Pictures with short captions
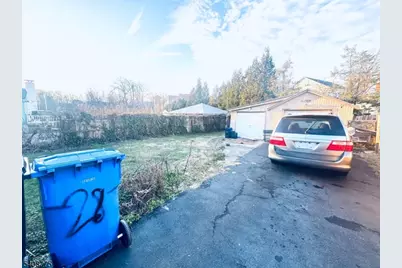 28 Silzer Ave, Woodbridge Township, NJ 08830 - Photo 24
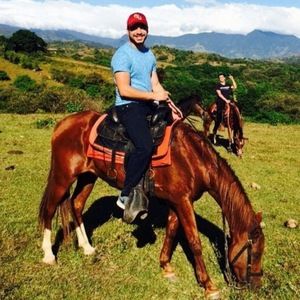 Meet your Posher, Phillip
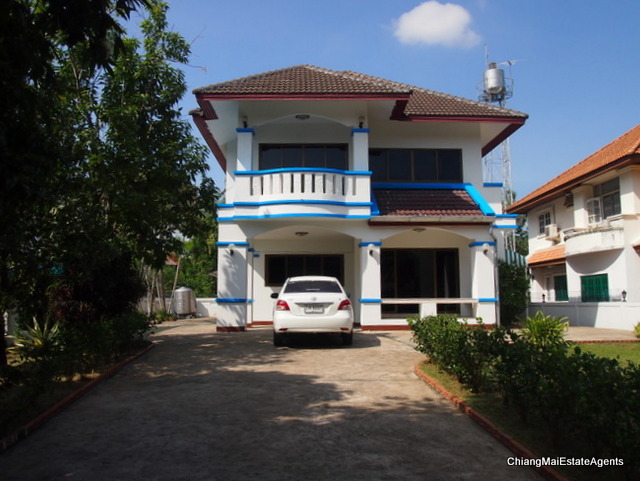 Large 4 Bedroom/3 Bathroom Home For Rent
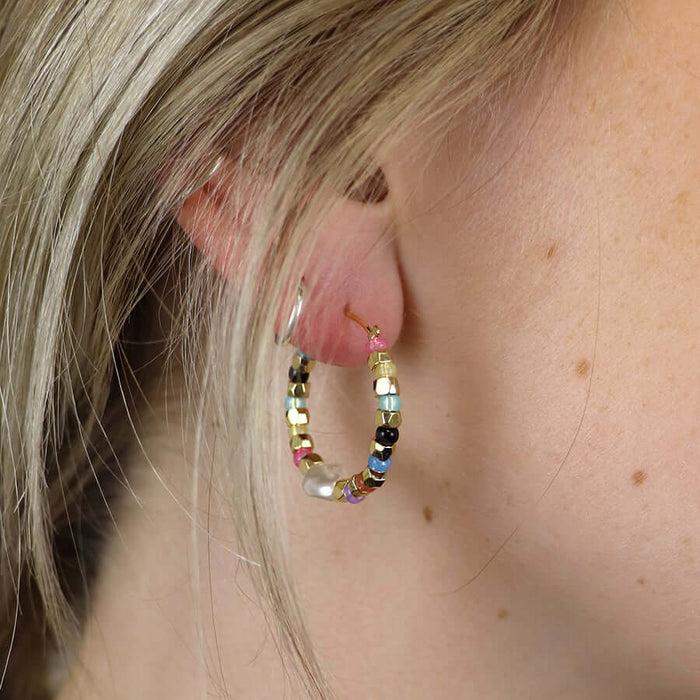 POM925 - Multicolour glass bead gold and pearl hoop earrings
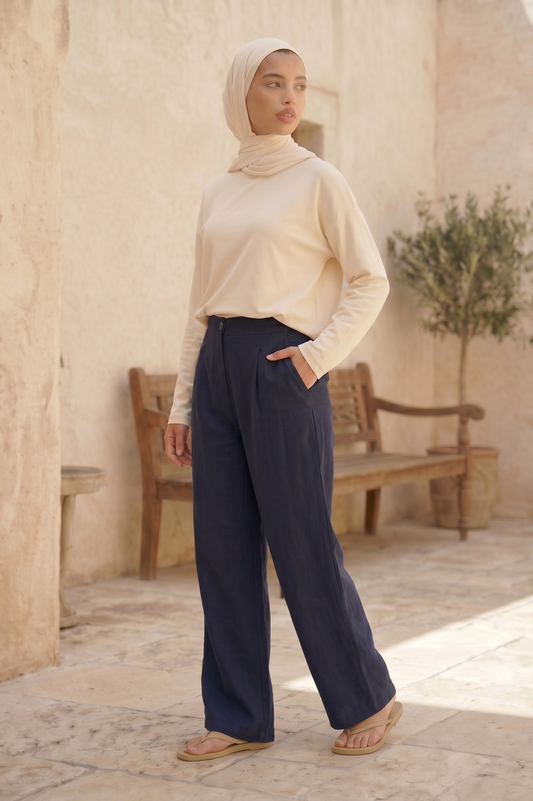 Le pantalon en lin bleu marine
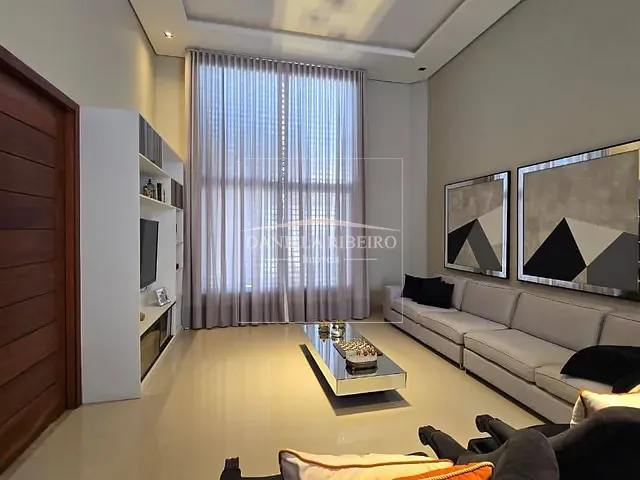 Casa com 300m² 3 quartos e 4 banheiros, à venda, no bairro Esperança em Londrina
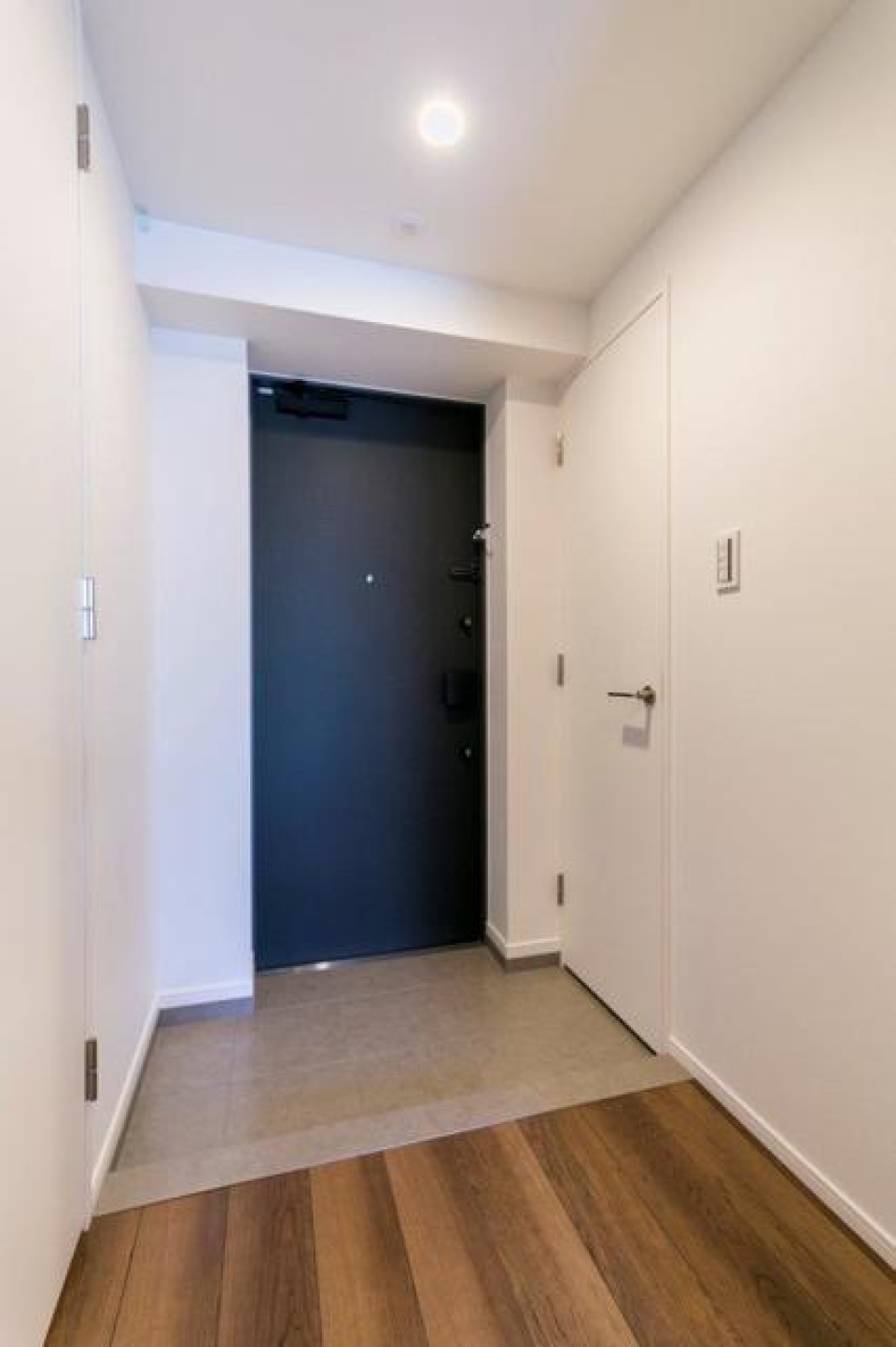 玄関。
※写真は同タイプ住戸です。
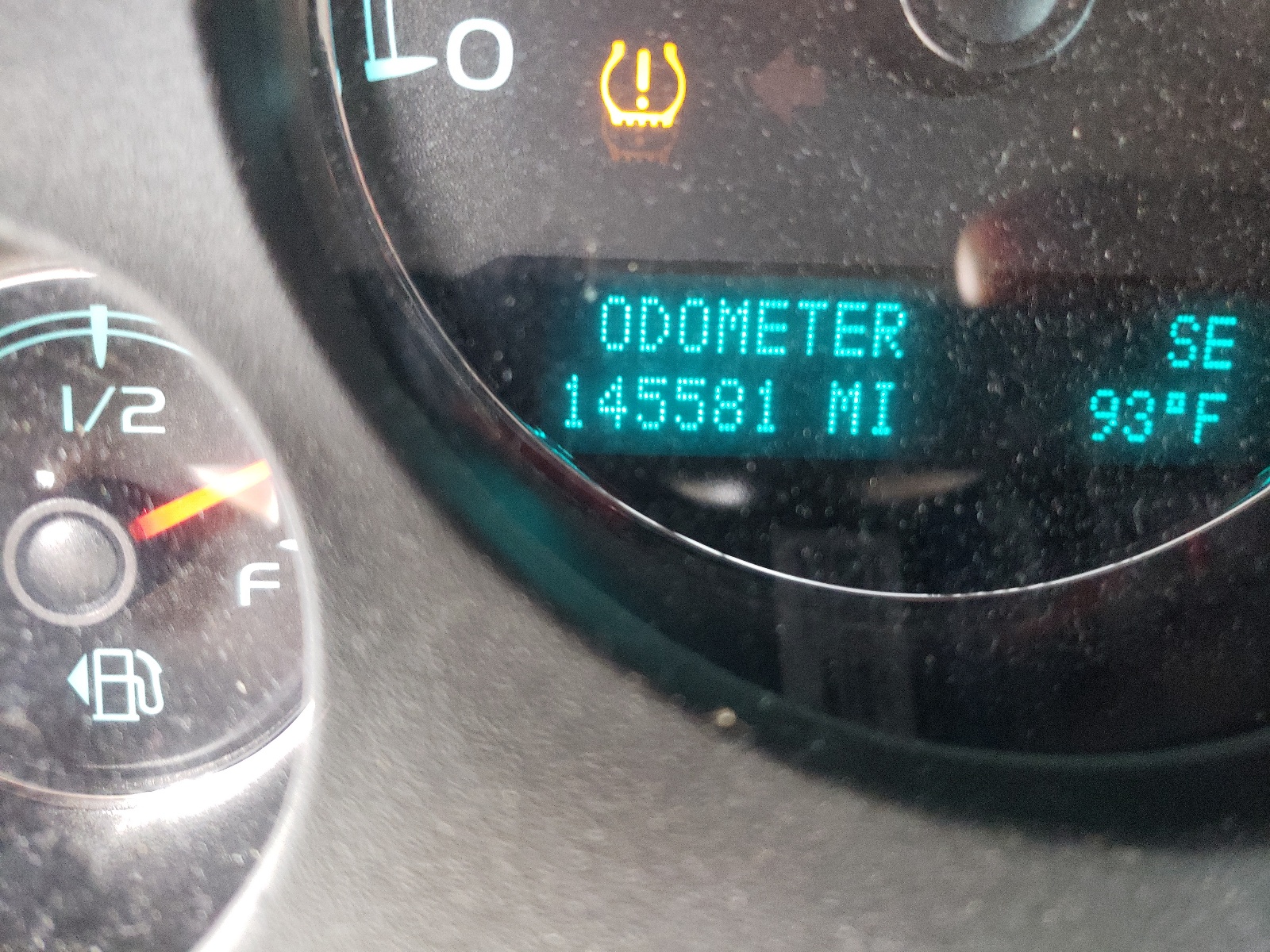 Photo 8 from auction – 2011 CHEVROLET TAHOE C150 with VIN 1GNSCAE04BR229284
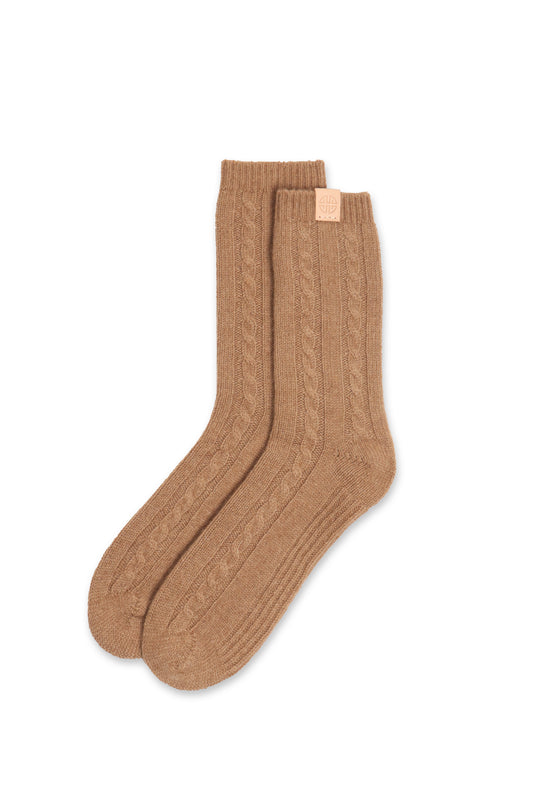 Zopfmustersocken aus Donegal-Wolle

WHAT THIS TASK INVOLVES
Reproduce exactly, and only, the lines from the one containing "POM925 - Multicolour" through the last line of the records above, both included, leaving out any pictures.

WRITTEN ANSWER
 POM925 - Multicolour glass bead gold and pearl hoop earrings
 Le pantalon en lin bleu marine
 Casa com 300m² 3 quartos e 4 banheiros, à venda, no bairro Esperança em Londrina
 玄関。
※写真は同タイプ住戸です。
 Photo 8 from auction – 2011 CHEVROLET TAHOE C150 with VIN 1GNSCAE04BR229284
 Zopfmustersocken aus Donegal-Wolle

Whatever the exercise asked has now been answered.